Este foi um dos temas debatidos na conferência “As prioridades do PRR para o investimento em habitação”, uma das primeiras sessões da Semana da Reabilitação Urbana do Porto, que se realizou a 23 de novembro, coorganizada pela VI, pela AICCOPN e pela Câmara do Porto.
Carlos Mineiro Aires, bastonário da Ordem dos Engenheiros, recordou na ocasião que, com a última crise, «o tecido empresarial ficou destruído. Temos uma fraca capacidade instalada e falta de mão-de-obra, e temos ainda o PT2020 em curso. As empresas têm tido capacidade de adaptação, mas temos uma concorrência grande, que vai aumentar. Os donos de obra têm de perceber a necessidade de proteger as empresas nacionais», numa altura em que «três em cada quatro casas em Portugal não cumprem os requisitos de conforto, morre-se de frio e de calor».
E lembra que não existe um sistema de revisão de preços no caso das obras privadas, acreditando que «ou temos um entendimento [sobre os preços], ou não vamos conseguir [cumprir o PRR] se os preços continuarem a subir. Pode ser um forte constrangimento à sua execução».

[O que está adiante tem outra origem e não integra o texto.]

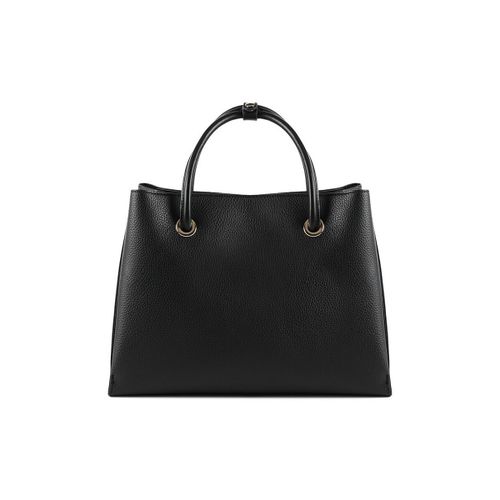 Sac Valentino Bags 815696 - Valentino Bags - Modalova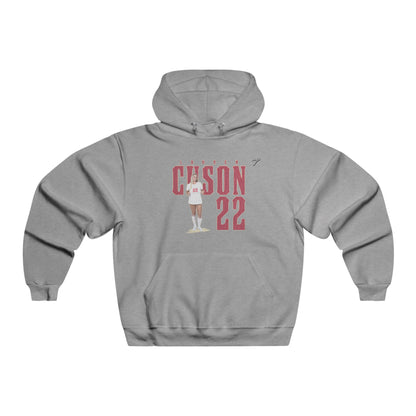 Lauren Cuson Vintage Hoodie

Hugo Santos Ferreira, Presidente da APPII, concorda, e não tem dúvidas de que «os 26.000 fogos que serão construídos no âmbito do 1º Direito não chegam, e o problema da falta de habitação vai agudizar-se». Identifica uma «extraordinária falta de mão-de-obra» e um «galopante custo das matérias-primas», o que já impede a criação de habitação acessível: «estas questões vão ser agudizadas pelos PRRs, porque só com o nacional vamos perder ainda mais mão-de-obra e mais matérias primas (já tínhamos poucas), temos vários PRRs na Europa, e é fácil de perceber onde a mão-de-obra pode ir parar - onde ganhar mais».
Paulo Caiado, Presidente da APEMIP, espera «que o PRR seja devidamente alocado no que diz respeito à habitação», num contexto em que «a grande dificuldade no acesso resulta dos preços, que por sua vez resultam da disparidade entre oferta e procura. É indispensável estimular a oferta de produtos acessíveis à maioria da população», afirmou o responsável, que acredita que «a criação de novos fogos deve ser tributada de forma sustentada e duradoura ao longo do tempo. Não faz sentido onerar fiscalmente a construção desincentivando e pesando com grande significado no valor final».

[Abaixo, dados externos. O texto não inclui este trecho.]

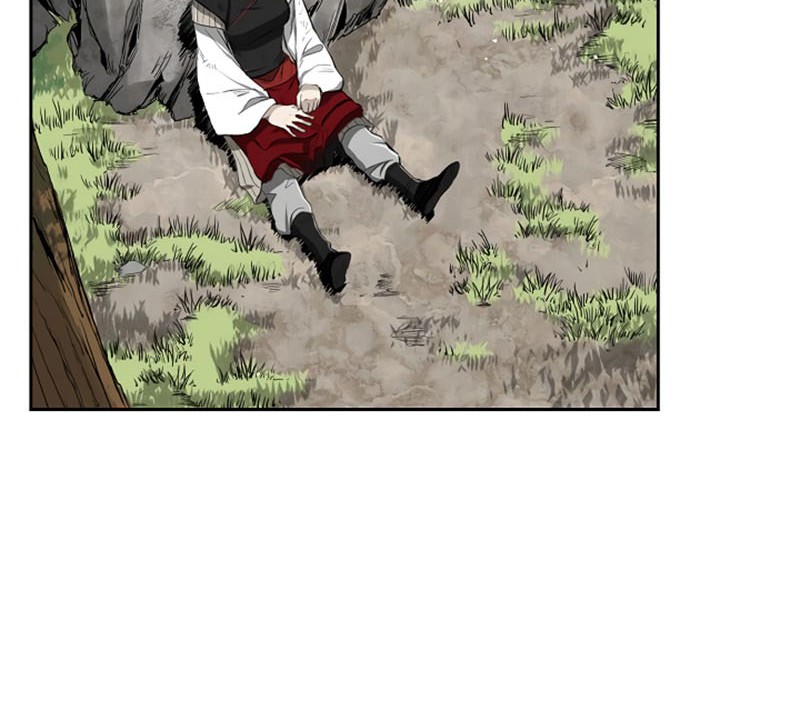 Record of the War God Chapter 35 Gambar 27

Pedro Baganha, vereador do Urbanismo da CMP, recorda que a autarquia identificou na sua estratégia local de habitação uma necessidade de investimentos de 466 milhões de euros, e que o esforço de investimento em habitação acessível que tem vindo a fazer contará agora «com a ajuda do Estado central, em boa hora, parte do qual será feito através do programa 1º Direito». Mas admite que ainda não há solução para a criação de um mercado de arrendamento acessível, e que «não existem soluções de financiamento que não sejam crédito».

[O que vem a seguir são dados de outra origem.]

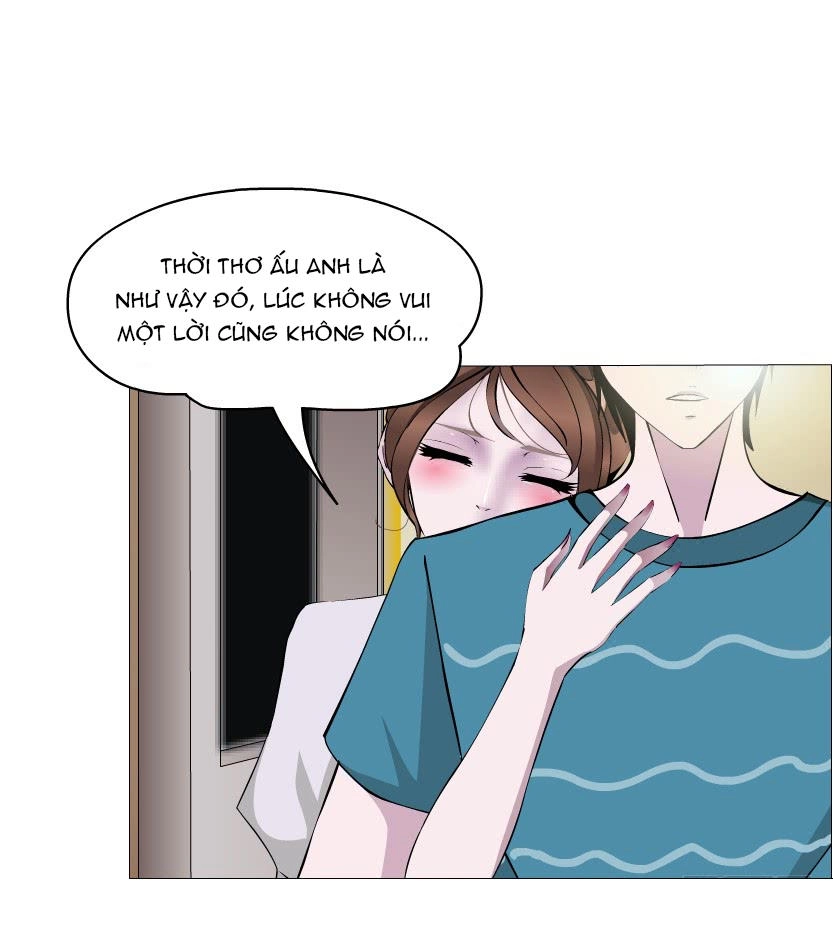 Cạm Bẫy Của Nữ Thần Chapter 172 - 3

Outra dificuldade que identifica é o «crescimento explosivo dos custos da construção. Assusta-me a avalanche de obra que vamos ter em todo o país, numa altura em que o tempo não é um luxo que tenhamos. Ou executamos até determinada data, ou perdemos a capacidade de executar esse financiamento», alerta.
Burocracia e políticas díspares não ajudam
Hugo Santos Ferreira destacou que «as várias políticas não são integradas umas com as outras, e o licenciamento, que também é um custo de produção enorme, é um problema nacional e de habitação». Sugere mesmo que o PRR tenha verbas alocadas à agilização dos processos de licenciamento, pois «não há financiamento suficiente para resolver esta questão». Carlos Mineiro Aires acredita que é «inadmissível que não exista uma plataforma única de submissão de projetos de licenciamento».
Por outro lado, defende a redução do IVA a 23% na construção nova para habitação, «caso isolado na Europa». E lembra que será difícil atingir as metas europeias de sustentabilidade, nomeadamente as políticas “Near Zero Energy Buildings”: «Porque não dinamizamos os “green bonds” enquanto financiamento alternativo para habitação? O Banco de Fomento tem de ser chamado a intervir», sugere, concluindo que «se todas as políticas fossem integradas numas nas outras, teríamos um imobiliário mais verde e mais habitação».